Friday, November 12, 2010

Steve Strong: Incidental Fashion

My kids saw a picture of me from when I was in 9th grade and they asked me if I were wearing Capri pants, and if those were popular for boys in the 70s. No, sorry. The clothes I wore as a youth were never a fashion statement -- just a statement on how poor we were.

By the time I was 13 my waist was probably 28 inches. And it never changed until I was 19, although I grew at least a foot during that time. I literally could wear the same pants in high school that I got as hand-me-downs in junior high. But I was wearing pants much too short for me.

For Christmas one year my sister gave me a pair of cuffed denim bell bottoms that I just loved. As I grew taller, I discovered I could let that huge cuff out and wear them another year. Then, I found out I could take a jackknife and cut out the hem and get another year’s wear out of them. I started doing that with all my pants and I thought I was really clever. But I sort of looked like a tree with growth rings around my ankles.

By the time I graduated high school in 1975 my mom decided it was time to get me some fancy, trendy clothes that better reflected the fashion of the time. I wore with pride the white and blue plaid bell bottoms, with a midnight blue shirt and a white tie and white belt. To be really cool, I tied a double Windsor knot in the tie so the knot was as big as my neck. I was six foot three, but wore this outfit with platform shoes. To top it all off, I wore a double-knit sport coat that looked like patchwork denim from afar. I alternated, either wearing that white tie, or going with a dark blue turtleneck sweater under the sport coat. But either way, the threads were totally far out.

When I turned 19, I bought a couple three-piece suits and went off to serve a mission for my church. When I came back, I found my mom had given away my old clothes to a family whose house had burned down while I was gone. I had nothing to wear but the same three-piece suits, 10 white shirts and ratty old shoes I’d been wearing in Japan for the past two years.

I came back from Japan with $11 in my pocket. So I went to the store and got a pair of jeans and a beret (because it made me look so dashing). I suppose that was the first thing I ever did to consciously try to make myself look more attractive.

I guess I’ll never know if it was the beret, or if Mormon girls are just drawn to returned missionaries like moths to a porch lamp on a summer evening. But I was dating a lot, and every girl had their idea of how to recreate me into their idea of a proper fashion plate.
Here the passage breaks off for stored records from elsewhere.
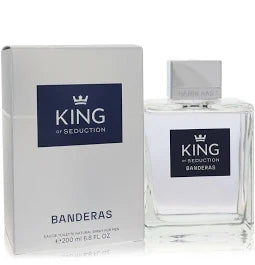ANTONIO BANDERAS KING OF SEDUCTION EDT NATURAL SPRAY FOR MEN 6.8 OZ 200 ML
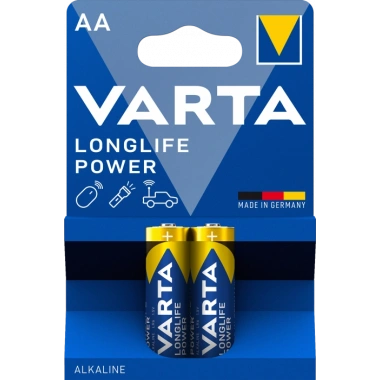 Kalem Pil - AA Longlife Power Blister 2 Li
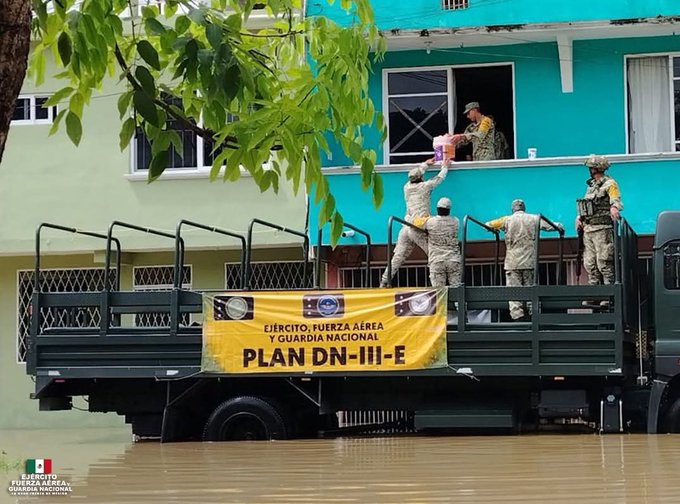 Lluvias devastan cuatro estados; hay 32 muertos; Hidalgo, Puebla, Querétaro y Veracruz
The first thing they had me do was part my hair in the middle and get a “feather cut” so I’d look more like David Cassidy. That task completed, I then got a pair of white bib overalls called “painter pants” which I wore with a red flannel shirt underneath. I think I looked kind of like a sissy lumberjack on vacation.

When I wasn’t wearing that get up, the girls I dated convinced me to dress in corduroy bell bottoms with Robin Williams rainbow suspenders. I coordinated those pants with long-sleeved shirts with huge lapels.

Because I was so thin, I could make a lot of clothes look decent I suppose, but why on earth did I let them convince me to buy a track suit made of yellow terrycloth? Of course, I wore that suit with a pair of blue suede Pumas with yellow striping.

When John Travolta made Urban Cowboy my girlfriends dressed me in cowboy boots, straight-legged Levi’s a long sleeved shirt with white snaps on the buttons and cuffs. When I played basketball, I wore really short shorts, a tank top and a pair of Converse All Stars. For some reason, I figured white sweat bands on both wrists would be a nice compliment for that getup.

By the time I got to college in the early 80s the latest fashion was the “preppie” look. Luckily I had a steady girlfriend by then, and I never seriously considered wearing the Top Siders, Oxford shirt with a sweater tied over the shoulders. It’s bad enough I have old pictures of me dressed the way I was. Thank Heavens I never had preppie pictures to have to live down.

1 comment:

  1. I totally had that feather cut myself in the 80's. I keep wishing for a small, contained fire that only wipes out the photo albums from 1984-1992. Fingers crossed!